Nvidia's GT200 GPU - compute flow diagram
The 240 thread processors are split down into ten thread processing clusters (TPCs), with each broken down into three streaming multiprocessors (SMs) or thread processing arrays (TPAs). Threads are assigned by the thread scheduler, which talks directly to each streaming multiprocessor through a dedicated instruction unit; this then assigns tasks to one of eight thread (or stream) processors.
Each streaming multiprocessor also has its own 16KB of shared local memory – Nvidia said it included this in order to reduce external bandwidth usage as it enables the thread processors to communicate with one another directly (inside each SM) without having to leave the chip and it's also there to allow compute programs to access a local store with predictable latency. This shared local memory runs at the same clock speed as the thread processors.
Moving closer into the streaming multiprocessors, Nvidia says each thread processor inside the SM can now perform "near full speed dual-issue of multiply-add ops (MAD) and MULs.
" It achieves this by using two special function units (SFUs) in each SM to execute transcendental calculations, attribute interpolation and for performing floating point MUL instructions. So, in order to achieve this, you use the thread processor's MAD unit to perform a MUL and an ADD in the same clock, and then use the SFU to perform another MUL at the same time.
With this in mind, the units have 50 percent higher compute throughput per clock than a typical G8x thread processor (three FLOPS per clock on GT200, compared to two FLOPS per clock on G8x), meaning each GTX 280 thread processor can deliver 3.89 gigaFLOPS of single precision, IEEE 754, floating point performance. On the other hand, G80’s thread processors could only work on one MAD operation per clock in most situations, but there were a select few scenarios where you could dual-issue MAD and MUL ops.
In addition to this, the thread processors now feature support for double precision, but this requires a dedicated execution unit and these tasks run at one twelfth speed. The unit can handle one double precision MAD per clock (there's no dual-issue MAD+MUL), meaning the maximum throughput for the GPU when it's only processing double precision calculations is 77.76 GigaFLOPS.
What's more, you can only allocate single or double precision operations to each thread processing cluster – you can’t increase the granularity any further than this, meaning you can’t assign double precision ops to a single streaming multiprocessor.

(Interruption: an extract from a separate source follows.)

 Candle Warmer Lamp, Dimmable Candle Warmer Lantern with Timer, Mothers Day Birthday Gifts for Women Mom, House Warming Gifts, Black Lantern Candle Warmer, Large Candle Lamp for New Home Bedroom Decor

Part of the reason for this is the eight texture units and local L1 texture cache inside each TPC. At this point, you’re probably wondering why I’ve mentioned texture units in the parallel computing side of GT200’s architecture – the reason is because they’re still used for various filtering operations when the GPU is running in compute mode. The texture units themselves run at a lower clock speed to the rest of the TPC – they actually run at 602MHz on the GeForce GTX 280 and this is defined by Nvidia as the ‘core’ clock.

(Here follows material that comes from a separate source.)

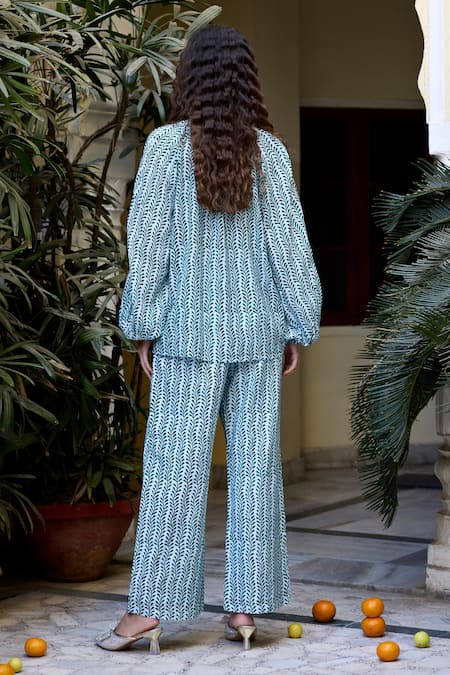 Baaro Masi Leaf Print Top & Pant Set 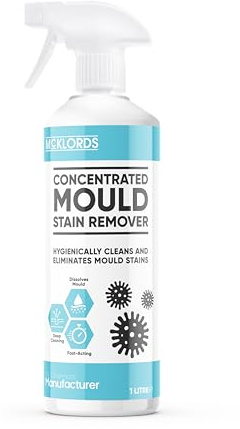 McKLords Industrial - Concentrated Mould Spray - Professional-Grade Mould & Mildew Remover for Bathrooms, Tiles, Grout, Seals & Damp Areas - Heavy Duty Cleaning Formula - 1 Litre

Moving further down the compute pipeline, Nvidia also includes four ‘Atomic’ units – these are designed to handle certain atomic read-modify-write commands with direct access to the memory. These operations bypass the chip’s caches altogether and the atomic unit provides granular access to memory locations, facilitating parallel reductions and parallel data structure management.
I've asked Nvidia for more information on the atomic units' capabilities, including how many data exports per clock we can expect with 64-bit and 128-bit values and also what clock speed they run at, but until now the company has been reluctant to provide any more detail.